Ethyl Kennedy contacted the maker of the frisbee back in the ‘60s hoping to ship some of those new toys to Angola and a particular orphanage with which she had worked. The frisbees arrived and later Mrs. Kennedy received a thank you note: We are grateful for the plastic plates. The kids use them all the time. By the way, did you know that they make an interesting toy as well? The ways of God are upside down and backward to the ways of man. God makes little sense to us. He warned us through Isaiah that this would be the case: My thoughts are not your thoughts neither are your ways my ways, declares the Lord.
Keep your feasts when things are bad, really bad? Why?
First consider this: when things are bad, perhaps that is all the more reason to celebrate. I am not encouraging denial. But understand that when we celebrate in this life we are not ultimately celebrating what is now but rather what is to come! Every celebration now, if properly understood, is but a foreshadowing of a greater celebration yet to come. For example, when we celebrate a good meal with family and friends, it points to a day when we will partake of a banquet without concern for our waistlines and with the absence of tensions big or small with those we eat. When we celebrate a marriage or an anniversary, we are ultimately celebrating a day when we will be united with Christ in oneness as it was intended from the beginning. When we gather on a Sunday to celebrate God and what He has done, it is a dress rehearsal for the grand celebration depicted in Revelation. And when we celebrate a graduation or a ritual marking the entrance into adulthood or some deeper level of maturity, we celebrate the day when we will be fully mature in Christ! Keep your feasts, because your celebrations point forward with great hope!

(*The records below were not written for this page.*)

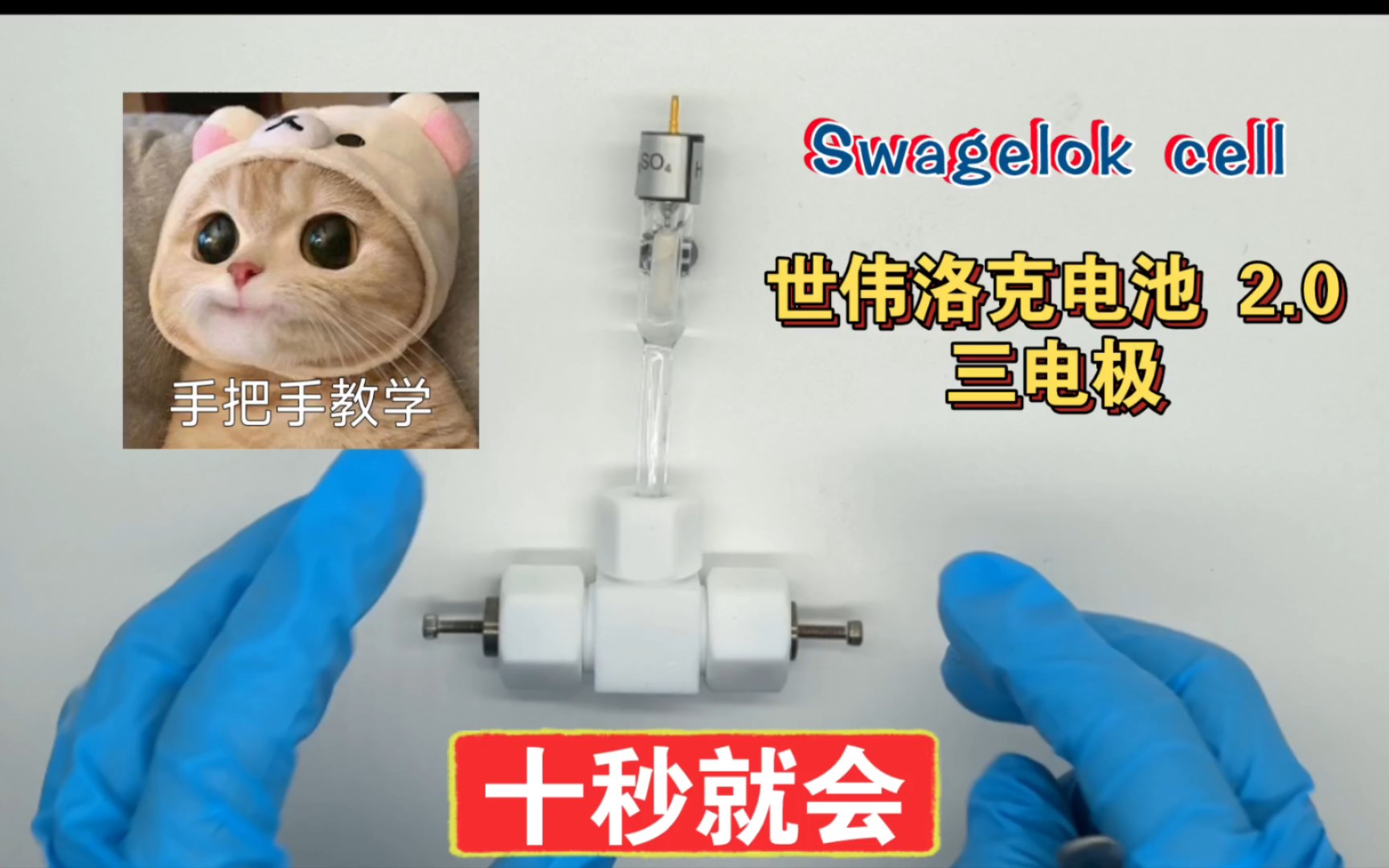 一分钟教会你Swagelok cell三电安装,超级无敌史上最简单教,世伟洛克电池Swagelok cell 三电极2.0加电极片版本,麻溜学起来哔哩哔哩bilibili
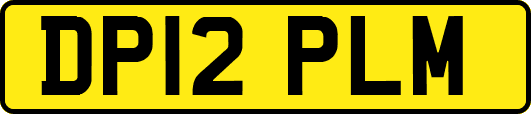 DP12PLM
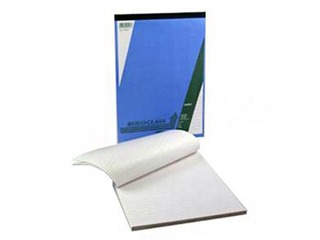 Piezīmju bloknots Aurora, papīra vāks, A4, rūtiņu, 100 lapas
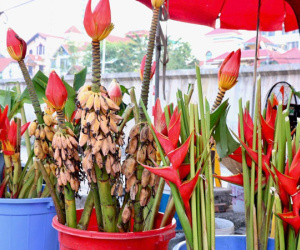 Rộ mùa hoa chuối rừng tại Hà Nội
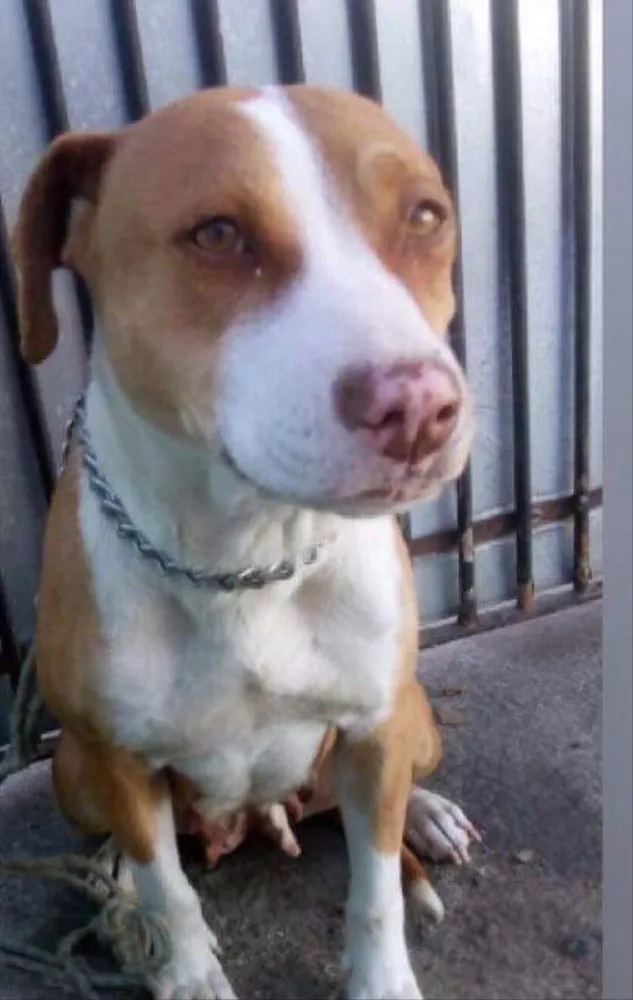 Cachorro ra a Pit bull idade 3 anos nome Dalila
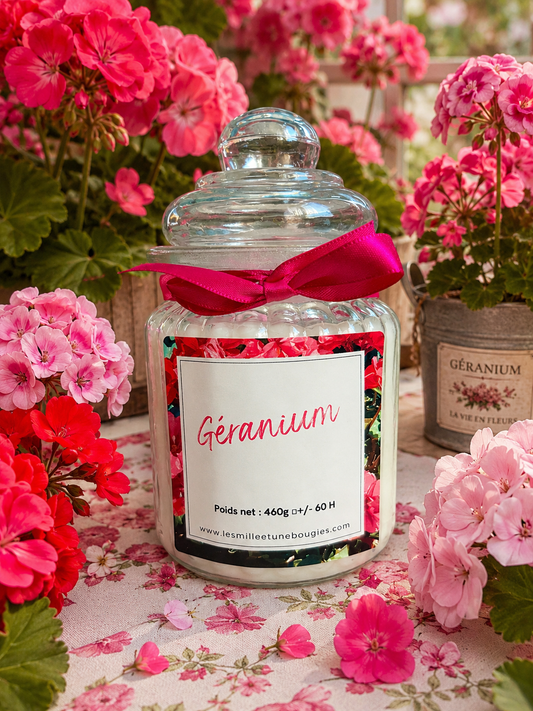 GÉRANIUM (NOUVEAUTÉ)☀️🆕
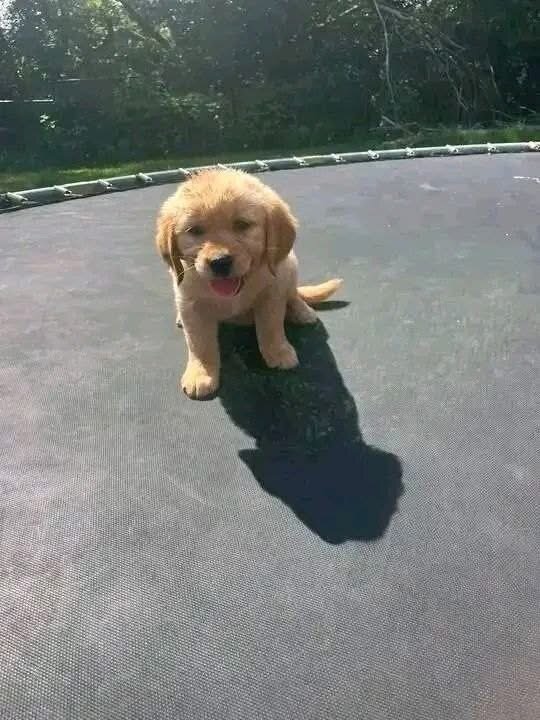 10-Week-Old Golden Retriever Puppy for Adoption image 1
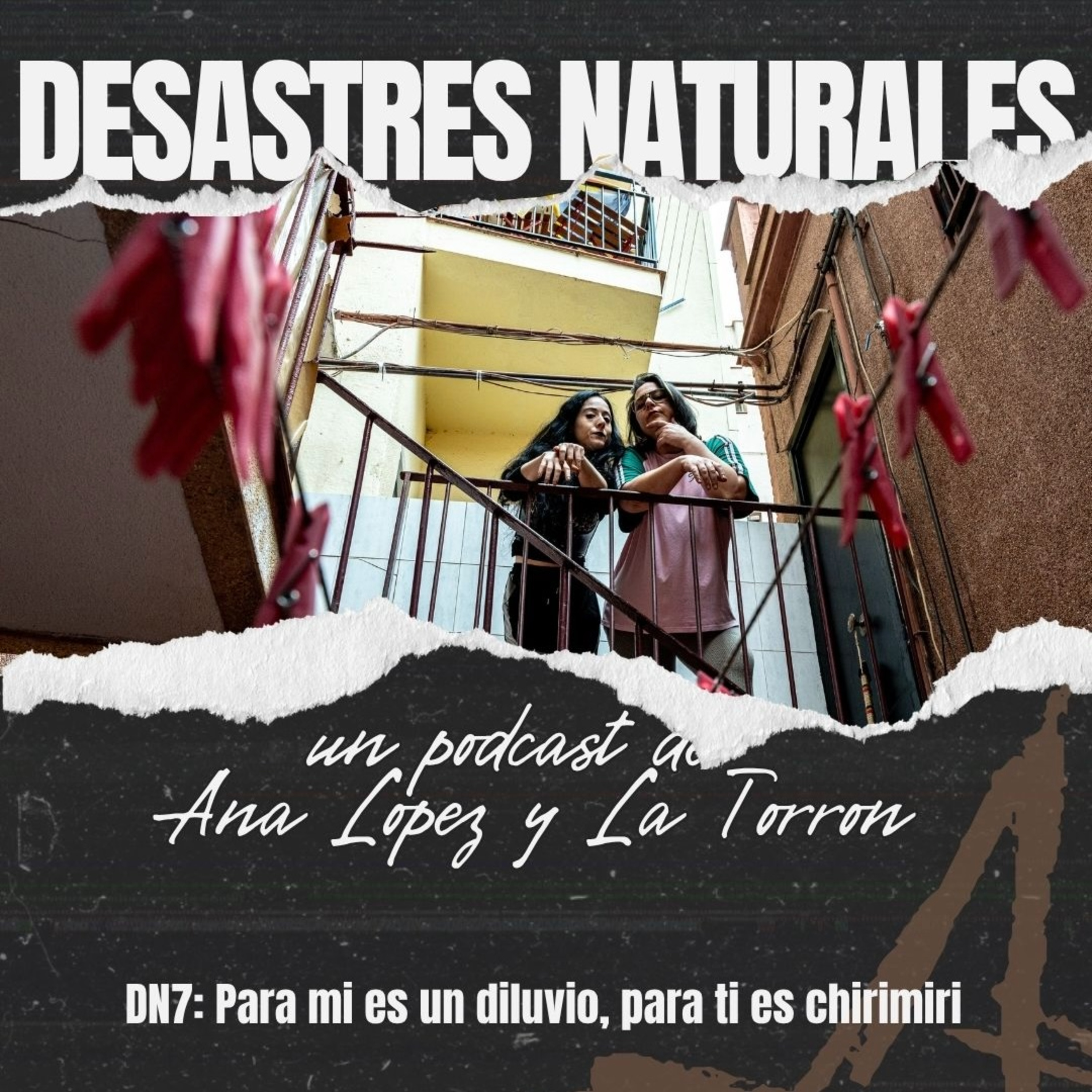 Portada de DESASTRES NATURALES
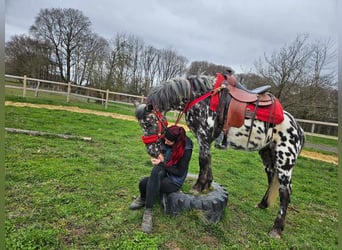 Appaloosa, Mare, 3 years, 13,1 hh, Leopard-Piebald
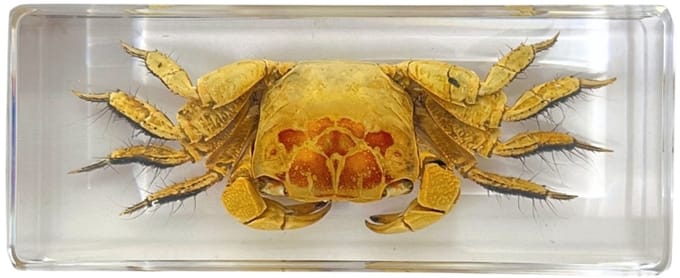 De Museumwinkel - Krab in hars blokje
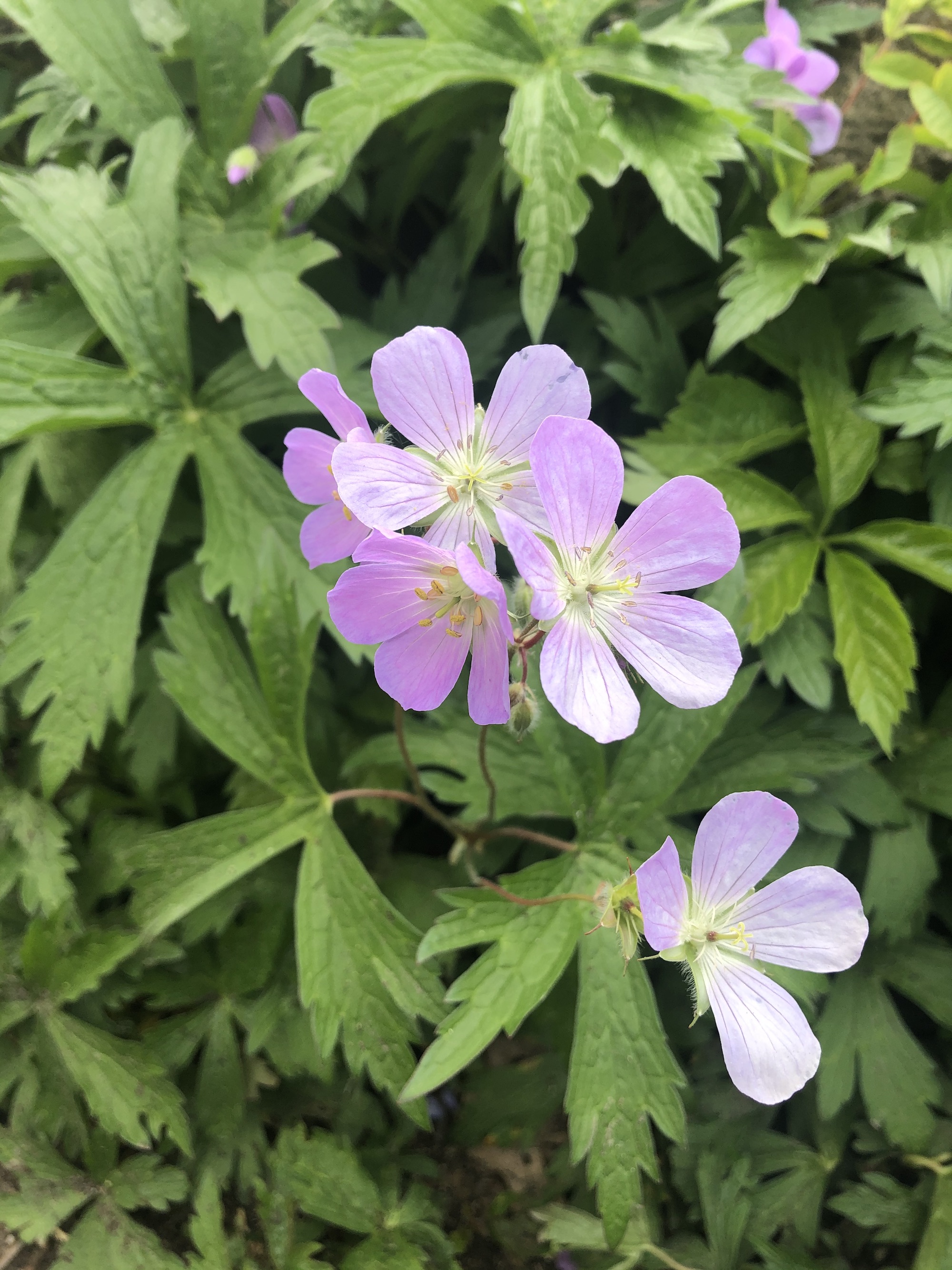 Wild Geranium by Council Ring in Oak Savanna in Madison, Wisconsin on May 10, 2021.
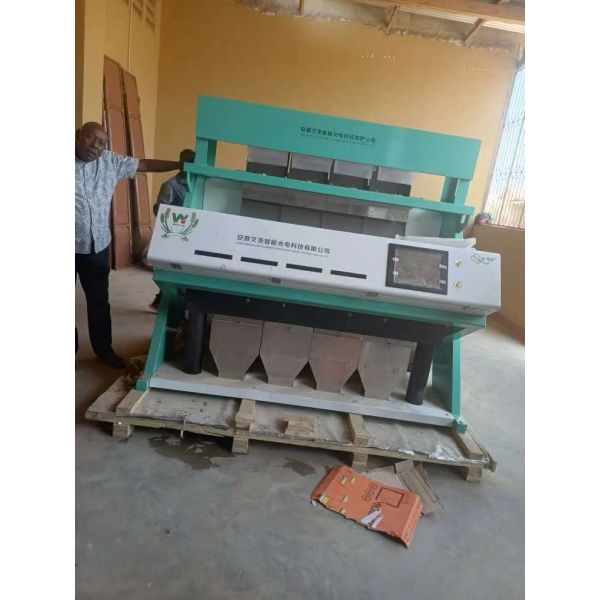 Good Quality Wenyao CE Certificated Cashew Color Sorter Machine Chestnut Color Sorting Machine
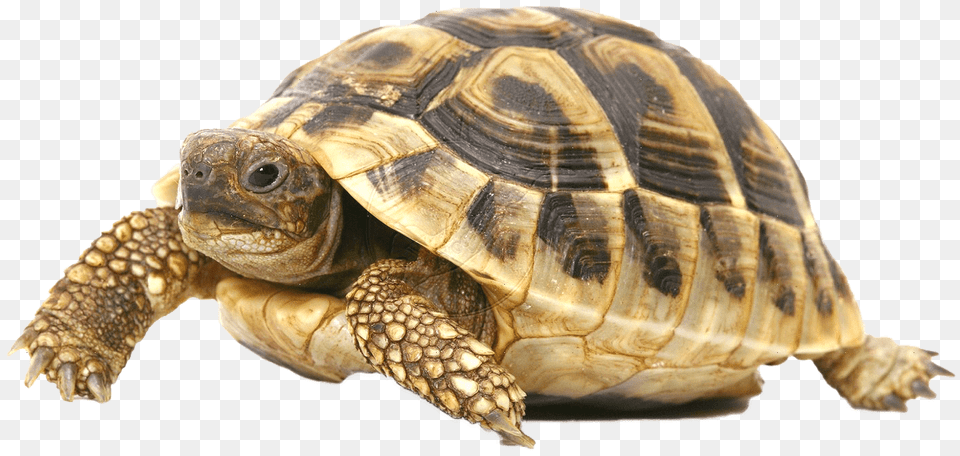 Tortoise Meaning In Kannada, Animal, Reptile, Sea Life, Turtle Free Png Download
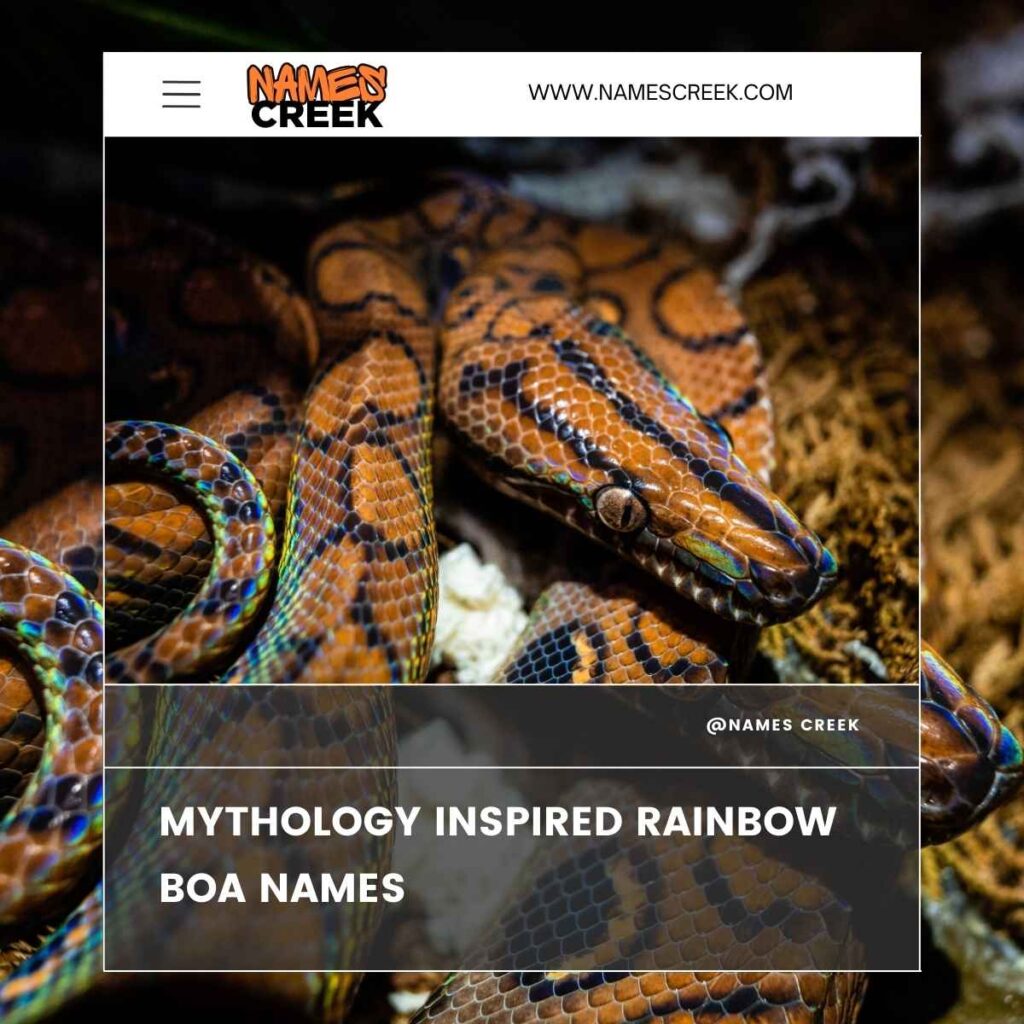 Mythology Inspired Rainbow Boa Names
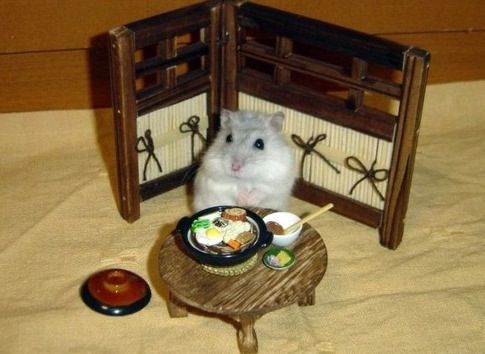 햄스터의 세상구경.jpg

One more idea that adds a beauty to this truth. Did you know that when the seamstresses were given the instructions for the making of the high priestly garments, the collar was to be double-stitched? Why? The one privilege belonging solely to the high priest was entrance into the presence of God and in the presence of God there is never a reason to tear your robe, as many freely did in times of sorrow and despair (see Job or Jacob as an example). But not the high priest. With the privilege of being in God’s presence, he was never to tear his robe because the ultimate reality is never despair. It is always hope. Now, we are all priests. We remind each other that there is never a reason to lose hope. God is in our midst. God is inside of us. Don’t lose hope. Keep your feasts! Things will end well. That is a promise. And the enemy that has plagued your heart (what is it for you?) will someday be destroyed and it will never again rise up and threaten your well-being.
And so the passage ends with the messenger bounding from mountain top to mountain top announcing the good news that peace is on the way. Isaiah records nearly the exact same words in chapter 52 of his prophecy except there is one additional thought worth capturing. To conclude the good news he says, Our God reigns. Indeed He does, despite what we see or are experiencing at any moment and because He reigns, we are invited, commanded to celebrate: Keep your feasts!